1人抄読部 兼 読書部

生命科学系の論文のサマリーを読んでいきます。また時々趣味の読書の感想も書いていきます。

Rantes/Ccl5 influences hematopoietic stem cell subtypes and causes myeloid skewing.

 2012 Mar 15;119(11):2500-9. doi: 10.1182/blood-2011-11-391730. Epub 2012 Jan 30.

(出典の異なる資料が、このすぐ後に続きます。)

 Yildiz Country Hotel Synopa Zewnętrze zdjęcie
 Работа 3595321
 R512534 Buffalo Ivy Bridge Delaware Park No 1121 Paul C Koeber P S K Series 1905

Rantes/Ccl5 influences hematopoietic stem cell subtypes and causes myeloid skewing.

 
造血幹細胞(HSC)は年齢により劇的に変化していく。HSCの絶対数の増加、再構成能低下、骨髄細胞造成増加などがマウス造血の老化の指標となる。今回、我々は、幹細胞環境加齢の過程で、炎症性サイトカインであるRantesが高濃度で見られることを発見した。レトロウイルスを用いて、骨髄前駆細胞にRantesを強制的に過剰発現させると、T細胞の減少とともに骨髄前駆細胞の増加が見られることが分かった。これに対して、Rantesノックアウト動物はmyeloid-biased HSCs や骨髄前駆細胞やの減少を示したとともにT細胞とlymphoid-biased HSCsの増加を認めた。ノックアウトされた造血幹細胞は、それぞれのHSCサブタイプ分布を保持しつつ、移植においてはより多くのlymphoid-biased HSCsを産生した。Rantesの欠損は、またKSL細胞におけるmammalian target of rapamycin (mTOR)活性の低下を招いた。heterochronic移植セッティングでは、高齢HSCを若い環境に置くことで、骨髄系細胞産生が減少することを示すことができた。これらのデータは、年齢関連myeloid skewing phenotypeの確立に環境因子が重要な役割を果たすことを示している。これはまた年齢に関連した免疫力低下にも関与しているかもしれない。